S'il faut synthétiser certaines formes, je ne dois pas pour autant trahir les caractéristiques de l'animal : il doit être majestueux, puissant, à la pose constante et d'une grande présence. Les différentes parties du corps, avec leurs lignes en spirales ne sont ni symétriques ni régulières : elles présentent des plans discontinus qui s'articulent en un tout, dégageant une grande énergie. J'ai toujours été scrupuleux dans la transcription de l'anatomie. C'est là que l'on reconnait un grand sculpteur. Ma sculpture respecte les proportions su sculpteur athénien Polyclète."

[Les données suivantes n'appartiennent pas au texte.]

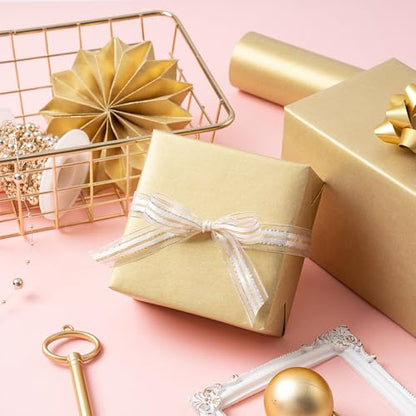 RUSPEPA Gold Wrapping Paper - Christmas Gift Wrap Pearly - luster Paper Perfect for Wedding, Birthday, Valentine's Day, Christmas, Baby Shower, DIY Bouquet -17 Inches X 32.8 Feet - color: Gold, size: 17" x 32.8'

“Le Centaure est le résultat abouti mais douloureux d'un long processus qui m'a valu bien des hésitations et des remises en questions. J'ai voulu aussi à travers ce monument faire passer mes émotions et mes sentiments, mes doutes, mes certitudes et aussi ma solitude alors que j'arrivais à l'automne de ma vie. Combien de fois j'ai du prendre la ”bonne distance" pour m'échapper de moi-même, me perdre de vue et revenir avec une nouvelle vision ; au total j'ai mis trois ans à faire et à défaire toutes les parties du Centaure. A travers cette sculpture, j'ai cherché à atteindre la perfection comme une sorte d'immortalité. C'est mon oeuvre fétiche dont je garde près de mon lit un modèle en bronze comme fidèle compagnon qui partage les moments les plus intimes de sa vie."

Propos de César repris dans Jean-Charles Hachet, César ou la métamorphose d'un grand art, Editions Varia, Paris, 1989.